All of these are questions that you should be able to answer before you have begun your script. This information will help you define and refine the world of your story and the characters within it, and will give you amazing, insightful ideas that will add needed depth to your work.
I once saw an interview with one of the head writers of the television show Murphy Brown, in which he mentioned that for each half-hour show (actually only 22 minutes because of commercials), the writers would create a forty-five minute script which they would edit down.
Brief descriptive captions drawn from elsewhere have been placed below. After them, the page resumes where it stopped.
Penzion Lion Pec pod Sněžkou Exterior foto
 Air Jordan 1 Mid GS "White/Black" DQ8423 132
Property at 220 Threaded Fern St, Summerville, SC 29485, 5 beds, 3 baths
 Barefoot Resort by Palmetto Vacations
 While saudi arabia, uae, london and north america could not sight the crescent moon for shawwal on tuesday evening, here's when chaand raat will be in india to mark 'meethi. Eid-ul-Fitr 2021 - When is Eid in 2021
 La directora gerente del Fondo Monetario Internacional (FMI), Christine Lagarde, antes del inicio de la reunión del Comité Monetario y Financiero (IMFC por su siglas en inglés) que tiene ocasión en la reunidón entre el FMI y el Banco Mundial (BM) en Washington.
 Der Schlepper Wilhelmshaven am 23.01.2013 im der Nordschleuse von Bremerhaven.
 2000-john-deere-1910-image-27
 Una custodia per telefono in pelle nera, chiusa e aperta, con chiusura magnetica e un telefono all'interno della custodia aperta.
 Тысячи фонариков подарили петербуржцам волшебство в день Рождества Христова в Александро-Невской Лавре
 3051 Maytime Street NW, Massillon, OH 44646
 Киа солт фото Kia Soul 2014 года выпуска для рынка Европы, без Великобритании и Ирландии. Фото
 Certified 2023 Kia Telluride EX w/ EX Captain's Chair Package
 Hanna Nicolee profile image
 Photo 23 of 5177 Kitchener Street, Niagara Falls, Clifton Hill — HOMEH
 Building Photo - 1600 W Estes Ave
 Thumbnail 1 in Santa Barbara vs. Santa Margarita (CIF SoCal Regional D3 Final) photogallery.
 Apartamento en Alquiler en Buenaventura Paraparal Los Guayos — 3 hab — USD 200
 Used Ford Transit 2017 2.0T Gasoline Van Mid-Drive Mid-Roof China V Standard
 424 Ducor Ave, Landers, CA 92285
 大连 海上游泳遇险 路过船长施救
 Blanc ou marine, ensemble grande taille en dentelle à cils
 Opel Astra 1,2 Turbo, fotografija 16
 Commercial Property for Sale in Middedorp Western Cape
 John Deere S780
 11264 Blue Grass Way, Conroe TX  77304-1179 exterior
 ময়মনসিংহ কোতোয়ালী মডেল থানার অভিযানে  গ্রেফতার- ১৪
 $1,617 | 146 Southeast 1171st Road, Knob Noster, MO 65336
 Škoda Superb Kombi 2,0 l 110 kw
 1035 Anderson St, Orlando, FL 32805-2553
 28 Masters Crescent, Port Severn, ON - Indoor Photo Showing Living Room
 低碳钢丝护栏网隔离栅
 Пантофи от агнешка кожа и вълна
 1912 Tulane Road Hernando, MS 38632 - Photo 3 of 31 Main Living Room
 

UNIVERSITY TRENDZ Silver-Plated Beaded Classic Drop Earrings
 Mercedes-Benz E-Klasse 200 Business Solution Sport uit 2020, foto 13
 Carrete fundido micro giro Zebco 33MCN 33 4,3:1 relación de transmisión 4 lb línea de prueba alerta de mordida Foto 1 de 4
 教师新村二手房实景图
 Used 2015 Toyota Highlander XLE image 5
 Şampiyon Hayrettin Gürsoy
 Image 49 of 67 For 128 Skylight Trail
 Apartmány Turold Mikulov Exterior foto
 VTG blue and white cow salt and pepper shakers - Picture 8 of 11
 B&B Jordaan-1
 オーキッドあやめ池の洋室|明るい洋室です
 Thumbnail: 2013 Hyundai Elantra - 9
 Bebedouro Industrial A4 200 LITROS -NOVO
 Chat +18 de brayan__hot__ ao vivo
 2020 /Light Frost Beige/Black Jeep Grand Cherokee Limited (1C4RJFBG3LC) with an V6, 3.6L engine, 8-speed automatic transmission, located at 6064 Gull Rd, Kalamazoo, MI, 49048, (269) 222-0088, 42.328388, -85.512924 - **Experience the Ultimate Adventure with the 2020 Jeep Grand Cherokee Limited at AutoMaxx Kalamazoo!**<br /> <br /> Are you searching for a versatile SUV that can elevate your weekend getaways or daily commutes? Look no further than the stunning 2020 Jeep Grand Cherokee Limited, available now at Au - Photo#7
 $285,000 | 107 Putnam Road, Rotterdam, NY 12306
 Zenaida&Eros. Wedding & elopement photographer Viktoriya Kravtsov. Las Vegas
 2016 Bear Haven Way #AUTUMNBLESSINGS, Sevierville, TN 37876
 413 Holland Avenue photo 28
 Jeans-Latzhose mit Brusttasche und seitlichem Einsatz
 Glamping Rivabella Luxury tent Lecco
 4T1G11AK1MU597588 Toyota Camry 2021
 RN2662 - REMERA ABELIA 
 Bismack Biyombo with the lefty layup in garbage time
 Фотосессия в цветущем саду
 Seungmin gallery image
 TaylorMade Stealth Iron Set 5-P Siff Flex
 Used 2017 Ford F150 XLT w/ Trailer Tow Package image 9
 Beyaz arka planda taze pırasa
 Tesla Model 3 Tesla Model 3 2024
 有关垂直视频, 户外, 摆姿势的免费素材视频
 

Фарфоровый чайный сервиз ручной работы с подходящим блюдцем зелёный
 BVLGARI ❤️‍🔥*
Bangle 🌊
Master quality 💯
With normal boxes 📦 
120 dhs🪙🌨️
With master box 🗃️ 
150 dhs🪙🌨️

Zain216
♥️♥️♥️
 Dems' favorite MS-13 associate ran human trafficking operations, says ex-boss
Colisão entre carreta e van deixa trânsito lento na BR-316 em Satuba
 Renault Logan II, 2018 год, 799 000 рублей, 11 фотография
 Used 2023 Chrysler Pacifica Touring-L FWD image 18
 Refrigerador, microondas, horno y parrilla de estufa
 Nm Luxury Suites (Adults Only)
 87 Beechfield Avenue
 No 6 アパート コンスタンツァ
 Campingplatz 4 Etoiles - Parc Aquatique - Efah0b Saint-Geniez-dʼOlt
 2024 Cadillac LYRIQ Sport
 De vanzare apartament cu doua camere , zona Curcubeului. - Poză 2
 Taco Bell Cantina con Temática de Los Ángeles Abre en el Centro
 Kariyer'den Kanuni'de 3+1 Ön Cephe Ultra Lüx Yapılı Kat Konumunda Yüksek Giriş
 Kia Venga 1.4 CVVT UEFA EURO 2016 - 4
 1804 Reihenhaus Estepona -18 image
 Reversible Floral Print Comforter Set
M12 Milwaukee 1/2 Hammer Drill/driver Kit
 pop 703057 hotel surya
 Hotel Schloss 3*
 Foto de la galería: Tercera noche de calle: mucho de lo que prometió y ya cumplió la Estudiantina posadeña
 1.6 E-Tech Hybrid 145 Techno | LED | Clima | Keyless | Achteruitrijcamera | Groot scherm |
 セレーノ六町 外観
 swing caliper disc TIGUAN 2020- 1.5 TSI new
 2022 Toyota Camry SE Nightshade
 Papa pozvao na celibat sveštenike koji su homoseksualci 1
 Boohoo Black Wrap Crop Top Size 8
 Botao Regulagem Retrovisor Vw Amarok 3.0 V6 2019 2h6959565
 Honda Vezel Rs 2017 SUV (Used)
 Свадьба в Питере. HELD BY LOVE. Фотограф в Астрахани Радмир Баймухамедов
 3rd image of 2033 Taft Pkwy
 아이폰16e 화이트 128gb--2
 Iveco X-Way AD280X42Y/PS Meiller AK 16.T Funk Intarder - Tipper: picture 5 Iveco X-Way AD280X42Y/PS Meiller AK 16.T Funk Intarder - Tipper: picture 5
He described these missing minutes as a kind of residue that permeated and informed the final script. He felt that the absent information still left its traces upon the final work, and gave it layers that the audience sensed.
A Final Suggestion
I highly recommend acting classes for screenwriters. At minimum, a crash course in stage improvisation will help hone and energize your creative process, and is of enormous help in writing dialogue that flows naturally.
Acting will give you a whole new perspective on character and its place in dramatic narrative. And in the process of learning acting skills, you will learn about yourself, your strengths and weaknesses, and come to terms with parts of yourself that you have forgotten, denied, or ignored; and it’s much more fun than therapy. The emotional and psychological revelations gained through acting will greatly help you to become a stronger, deeper, and more realistic writer of human experience for screen or stage.